Their work also has an international dimension with the Restoring the Earth project, which promotes the restoration of the world's degraded ecosystems as the most important task facing humanity in the coming decades.

Woodland Ground Flora Project[edit]

Trees for Life's Woodland Ground Flora Project seeks to enhance populations of plants which have become scarce in established woodland, species such as one-flowered wintergreen (Moneses uniflora), and twinflower (Linnaea borealis), and to establish populations of these plants, and more common species such as primrose (Primula vulgaris) and bluebell (Hyacinthoides non-scripta), in new woodland where these species are absent.

The project involves surveys of established and new woodland sites, creating trial plots for species reintroduction, propagation of plants, researching suitable species and their growing conditions and liaising with other organisations involved in similar work.

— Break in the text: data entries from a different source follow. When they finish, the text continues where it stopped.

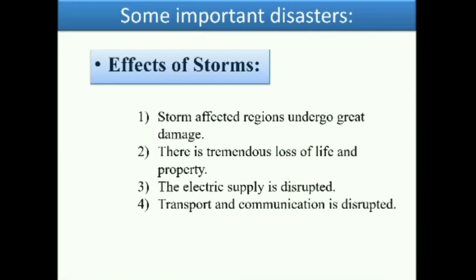The effects of storms: regions affected undergo great damage. There is tremendous loss of life and property. The electric supply is disrupted, and transport and communication are also disrupted.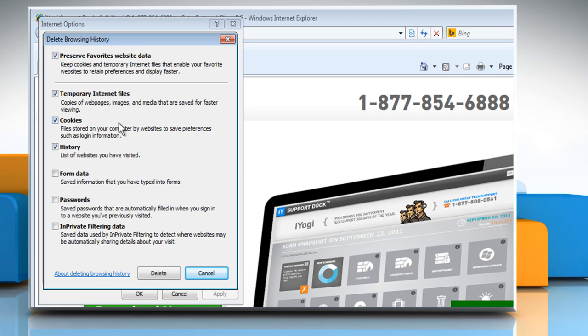Make sure that the checkboxes next to Temporary Internet Files, Cookies and History are selected and then click on Delete.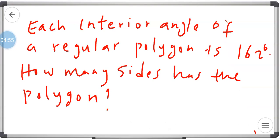Now let's consider another question. Each interior angle of a regular polygon is 162°. How many sides does the polygon have? From this question, we are told that each interior angle is 162°, and we are to use that angle to deduce the number of sides, which is our n.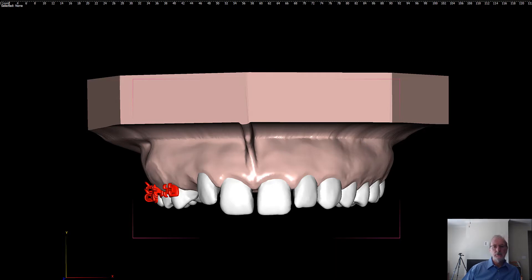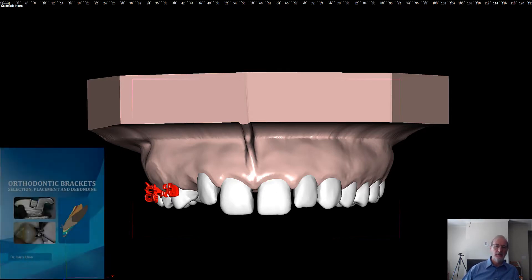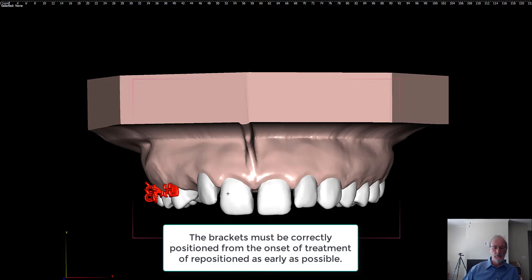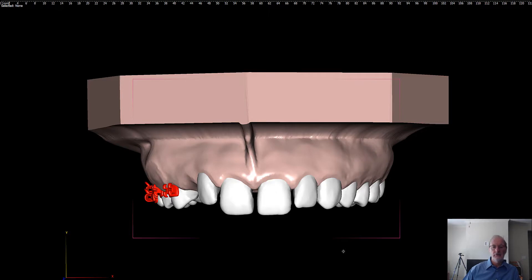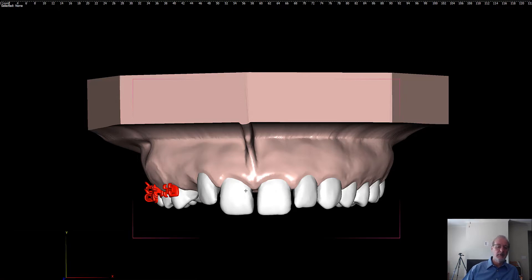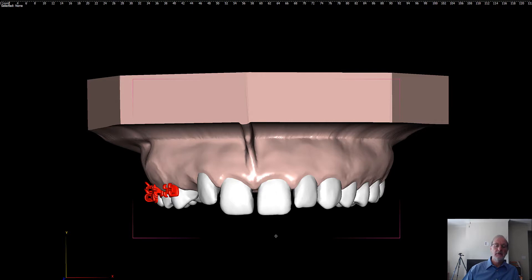Orthodontic bracketing is one of the most important procedures in orthodontics when using fixed orthodontics, and it's oftentimes overlooked for the sake of speed and efficiency. It's very important to understand that if you do not position your brackets correctly, a straight wire system will only express the poor position of your brackets, and the teeth will end up incorrectly aligned, which is very frustrating at the end of treatment. To avoid these problems, we'll look today at how to bracket teeth correctly, starting with the central incisor.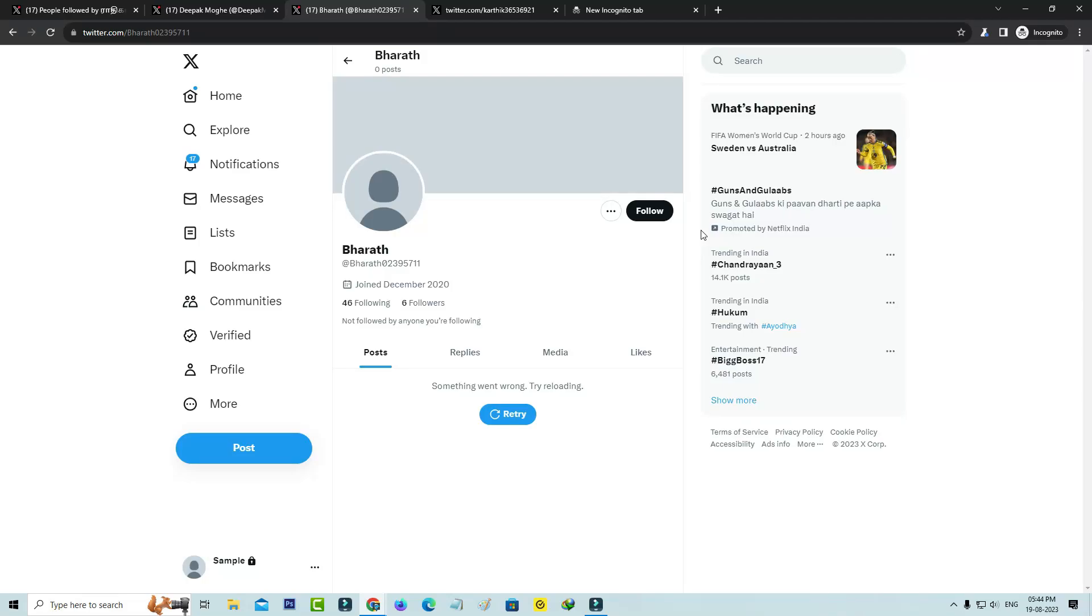Hello friends and welcome back to my YouTube channel ThetaBox. So today I got the following error notification while I tried to access a profile in Twitter.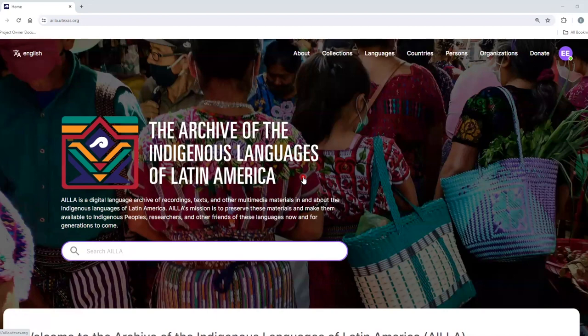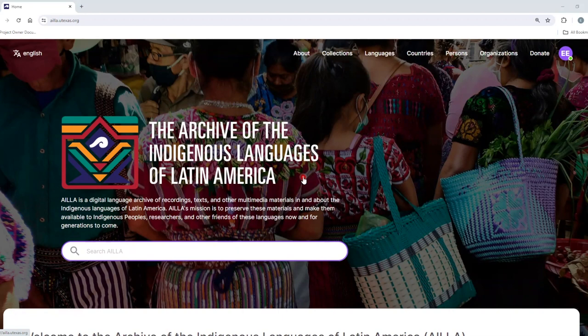This is a tutorial about how to search the languages' authority files. To get started, click on Languages from the home page.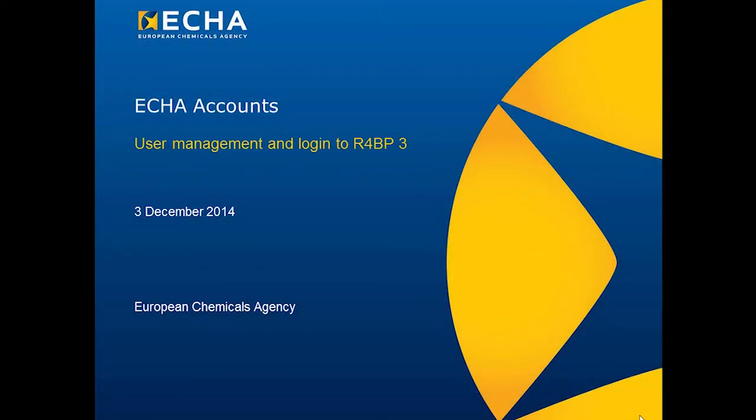Welcome to this short video tutorial on ECHA Accounts. The purpose of this video tutorial is to provide an overview on how ECHA Accounts works for account management and access to different ECHA applications.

Volunteer Work Weeks[edit]

Most of Trees for Life’s practical work is carried out by volunteers, through their programme of volunteer work weeks, providing opportunities for people to get involved and support their efforts. Held throughout spring and autumn, each week consists of 10 volunteers, and is run by two leaders, who may be Trees for Life staff members or Work Week volunteers who have been trained to lead weeks themselves. Work carried out includes native tree planting, non-native species removal, seed collection, fencing and the removal of redundant stock fences.

Each year a percentage of the volunteer groups are based at the charity's field base and nursery, Plodda Lodge, where they help with work in the nursery, as well as carrying out restoration work in the Caledonian Forest in nearby areas such as Glen Affric and Corrimony.

Plodda Lodge[edit]

Trees for Life purchased Plodda Lodge, near the village of Tomich just outside Glen Affric, in 1996. This large house is located in a quiet secluded area surrounded by trees and was built in the 1850s as a laundry for the Guisachan Estate. Its remote location in the forest makes it ideally suited for use as a field base for the charity’s increasing practical work in the area.

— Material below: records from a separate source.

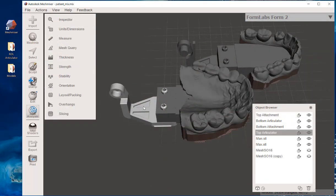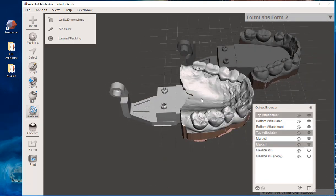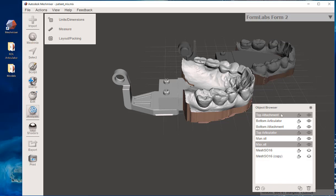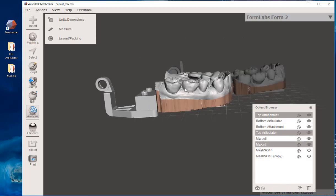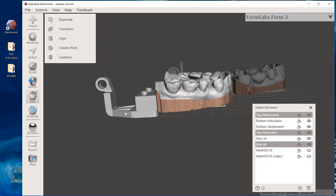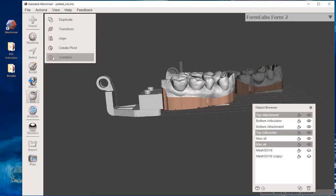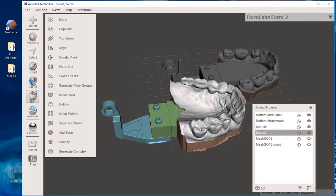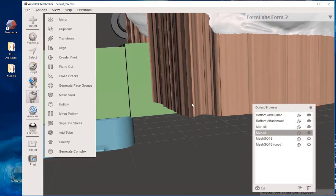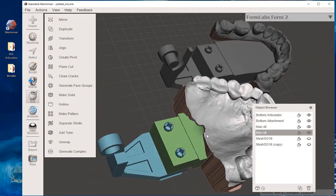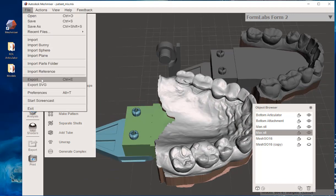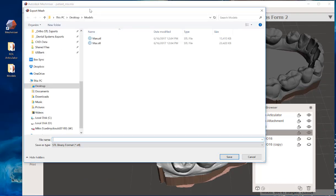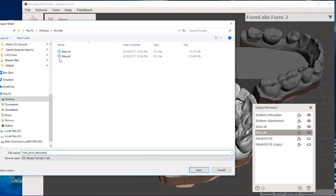You're going to left-click the Articulator, this file, and this file. It's going to be a total of top attachment, top Articulator, max.stl. And that's going to allow you to join all three of them together. When you do that, it's going to give you this combined function. You click that. When you do that, it's going to combine it into a single layer right here. It's going to come out with these kind of goofy-looking colors. Then all you need to do is click on File, Export. And when you do that, we're going to call this Man Print Articulation.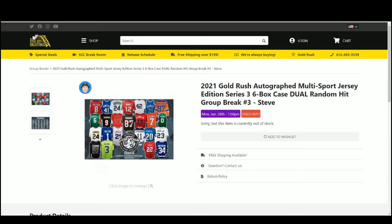Alright everybody, our next break is our 2021 Gold Rush Autograph Multisport Jersey Edition Series 3 Six Box Case Dual Random Hit Group Break Number 3.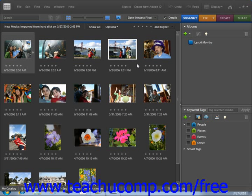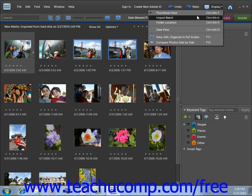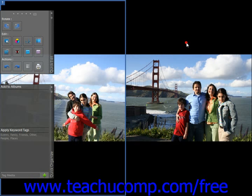Another way of viewing images is to compare two images side by side or above and below. To accomplish this, select two images and then use the display dropdown in the shortcuts bar to choose compare photos side by side. So let's do that — we'll select these two photos, go up to the shortcuts bar, use the display dropdown, and then select compare photos side by side.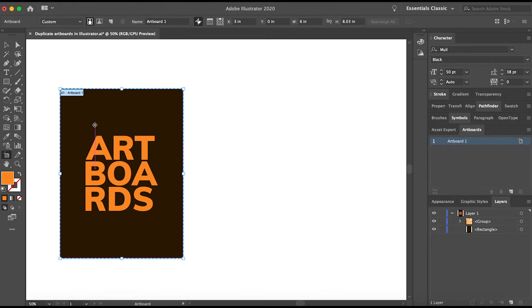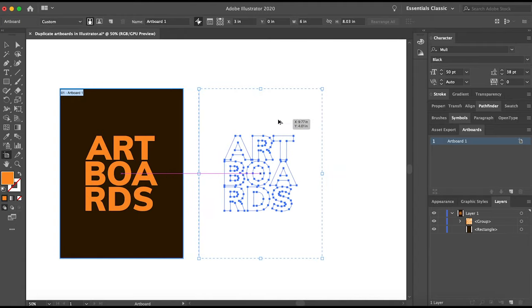And then with the Artboard tool selected, hold down the Option key on Mac or Alt if you're on a PC, and just click and drag it over to create a duplicate.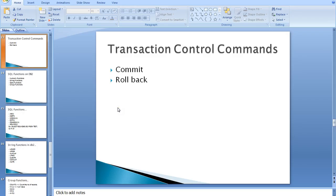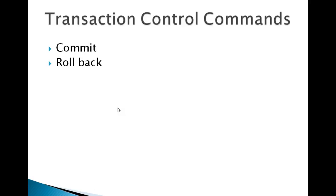Hi, in continuation to the previous video tutorials, I'm going to talk about transaction control commands under DB2. So far you have seen various queries under DML and DDL.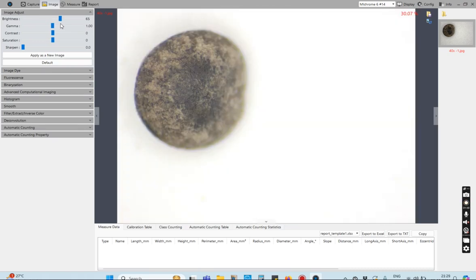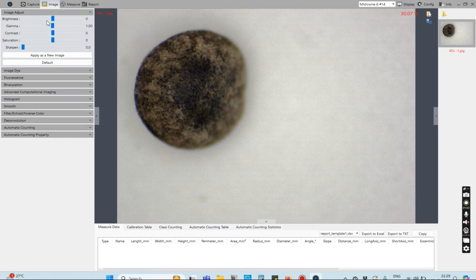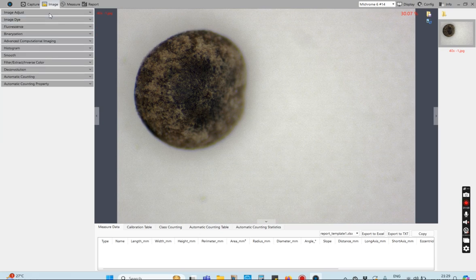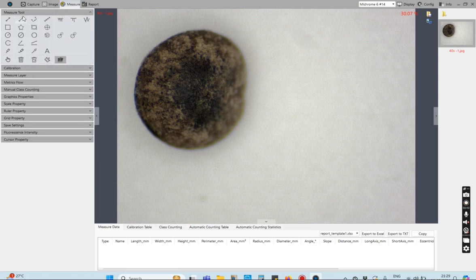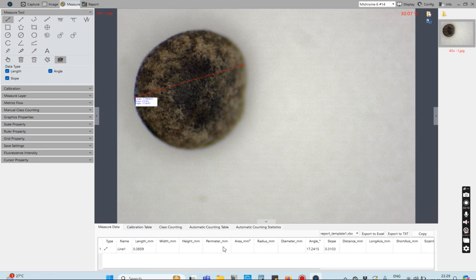I can do some operations here — I can adjust the image settings as needed, or click Default to reset them. Typically, we use these images to adjust color, contrast, or other parameters. This is one of the most used features in the software: Measure. In Measure, we have a number of measuring tools, which I'll demonstrate. Here is a line I have drawn, and you can see the corresponding parameters. You can also select shapes, write text, or delete items — these options are used to perform measurements.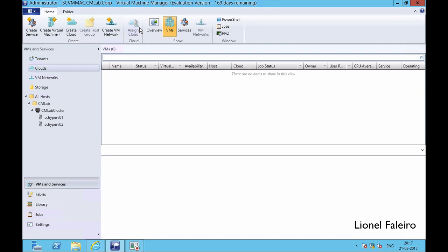Good evening all and welcome to this next practical of the Cloud Management Mumbai University MSC IT syllabus. In this practical we will be dealing about using App Controller and the various tasks related to it — the creation of a private cloud, the deployment of a virtual machine, and a service using App Controller as well as the VMM console.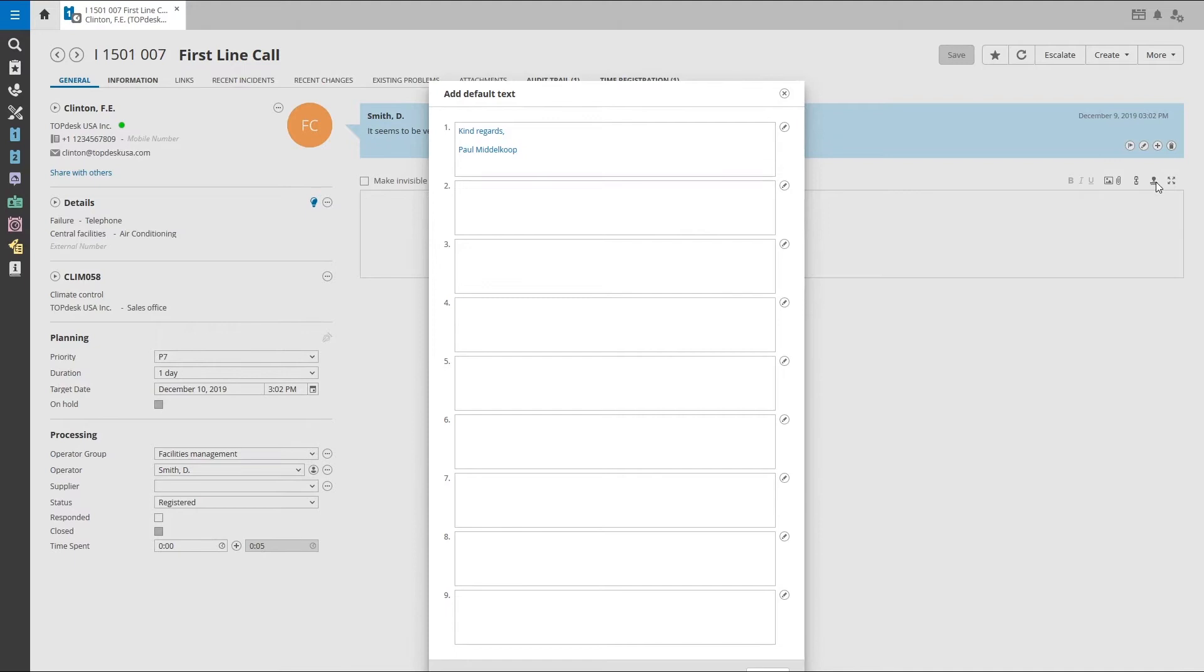You will find a list of nine editable text fields. These are personal and can only be seen and used by you.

Plodda Lodge is now run as a tree nursery, propagating trees from seeds and cuttings collected by Trees for Life staff and volunteers, with an emphasis on growing some of the rarer and/or less easily available tree species native to the Caledonian Forest such as eared willow, hazel and juniper.

Dundreggan Estate[edit]

In August 2008 Trees for Life successfully purchased the 4,000 hectare Dundreggan Estate in Glen Moriston, in the Scottish Highlands – one of the largest areas of land in the UK to be bought for forest restoration. The £1.65 million deal is the charity’s most significant and important project to date, and follows more than two years of negotiations.

Dundreggan, lying on the north side of Glen Moriston to the west of Loch Ness, is home to declining species such as black grouse and wood ants. It contains areas of ancient woodland, including one of Scotland’s best areas of juniper as well as significant areas of dwarf birch, however much of the estate is open treeless ground. It has been managed as a traditional sporting estate for many years, and heavy grazing by sheep and deer has prevented the healthy growth of woodland and other natural habitats. Trees for Life's purchase of the estate will allow them to plant 500,000 native trees and re-connect the forest between Glen Moriston and Glen Affric.

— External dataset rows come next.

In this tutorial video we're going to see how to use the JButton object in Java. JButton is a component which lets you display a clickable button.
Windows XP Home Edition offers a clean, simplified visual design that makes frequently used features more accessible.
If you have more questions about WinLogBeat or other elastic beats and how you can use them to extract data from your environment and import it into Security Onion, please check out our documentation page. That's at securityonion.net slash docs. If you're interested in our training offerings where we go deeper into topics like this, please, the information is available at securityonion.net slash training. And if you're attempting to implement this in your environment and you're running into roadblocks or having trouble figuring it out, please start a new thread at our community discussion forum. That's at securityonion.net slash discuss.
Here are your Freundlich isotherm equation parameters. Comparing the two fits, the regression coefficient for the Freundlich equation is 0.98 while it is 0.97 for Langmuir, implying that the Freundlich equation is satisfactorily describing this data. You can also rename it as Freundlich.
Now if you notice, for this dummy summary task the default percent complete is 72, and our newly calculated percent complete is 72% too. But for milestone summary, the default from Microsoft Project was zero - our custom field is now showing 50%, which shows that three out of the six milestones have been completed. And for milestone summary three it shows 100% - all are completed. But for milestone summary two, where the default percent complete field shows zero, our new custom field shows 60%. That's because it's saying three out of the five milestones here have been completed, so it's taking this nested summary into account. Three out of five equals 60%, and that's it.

By 2058, Trees for Life’s long-term plan will see Dundreggan restored to a wild landscape of diverse natural forest cover, with the return of species including red squirrel, capercaillie, golden eagle, European beaver and wild boar. Scientific research and education programmes will be established and most human infrastructure removed. Dundreggan Lodge and a neighbouring cottage will be renovated to a high ecological standard, providing a base for volunteers and educational displays for students, researchers and school children.